You should give it a name. If you’re a component that reports errors,
there should be an exhaustive list of the errors that you would report.
That’s one of the real problems in today’s programming language
architecture for exception handling. Each component should list the exceptions
that were raised: typically if I call you and you say that you can raise A,
B, and C, but you can call Joe who can raise D, E, and F, and you ignore D,
E, and F, then I’m suddenly faced with D, E, and F at my level and there’s
nothing in your interface that said D, E, and F errors were things you caused.
That seems to be ubiquitous in the programming and the language facilities.
You are never required to say these are all the errors that might escape from
a call to me. And that’s because you’re allowed to ignore errors.
I’ve sometimes advocated that, no, you’re not allowed to ignore
any error. You can reclassify an error and report it back up, but you’ve
got to get it in the loop.
Security exceptions in many cases require special handling, so that they may be softened before returning any data to a client or log file. The programming langauge support for error detection, softening, and reporting is pathetic, programmers must literally grow their own wheat to make bread in this case.

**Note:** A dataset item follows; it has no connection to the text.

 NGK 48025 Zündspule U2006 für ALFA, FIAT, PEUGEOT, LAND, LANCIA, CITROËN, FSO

SB One of the interesting aspects of this is the
trade-off between how long it takes to detect something and how much
time you really have to recover in the system.
BL And what it means to remove the failed
component, because there is a split brain problem that I think you’re
out and you think I’m out. Who’s in charge?

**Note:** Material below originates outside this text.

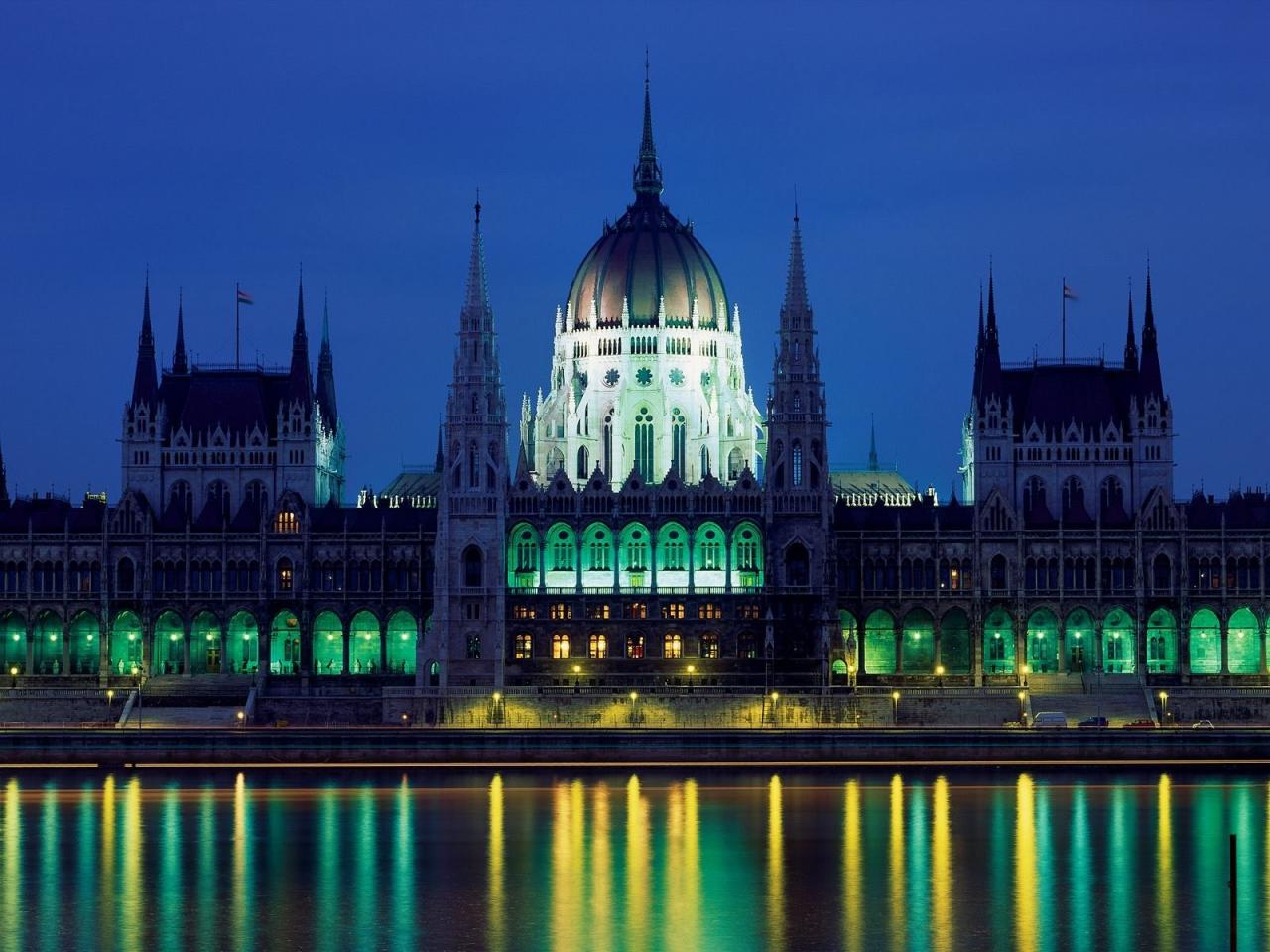 обои Parliament,   Budapest,   Hungary фото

SB Right, and while they’re arguing about it, nothing is happening.
BL That’s also possible, although some of these
systems can continue service. It’s rare that a distributed system needs
the participation of all active members to perform a single action.
There is also the issue of dealing out the failed members. If there are
five of us and four of us think that you’re dead, the next thing to do
is make sure you’re dead by putting three more bullets in you.
We see that particularly in the area of shared management of disks,
where you have two processors, two systems, connected to the same set
of storage. The problem is that if one system is going to take over the
storage for the other system, then the first system better not be using
the storage anymore. We actually find architectural facilities in the
storage subsystems for freezing out participants—so-called fencing
facilities.
So if I think you’re dead and I want to take over your use and
responsibility for the storage, the first thing I want to do is tell
the storage, “Pay no attention to him anymore. I’m in charge now.” If
you were to continue to use the storage while I blithely go forward and
think I’m the one who’s in charge of it, terrible things can happen.
There are two aspects of collaboration in distributed systems. One is
figure out who’s playing, and the second one is, if someone now is
considered not playing, make damn sure somehow that they’re not
playing.
This lesson applies to a lot of security in distirbuted system, including authentication systems, SE(I)Ms, XML gateways, and a lot more. Part of the solution is to attempt to use tools, for example a STS, enabling "security" to not function as some dualistic boolean, but rather a composeable domain, with its own rules, behavior, and logic to adapt to these situations, since the languages and servers are not able without a tremndous amount of fu. Remember that Survivability has three R's: Resistance, Recognition, and Recovery, the Anasazi certainly did.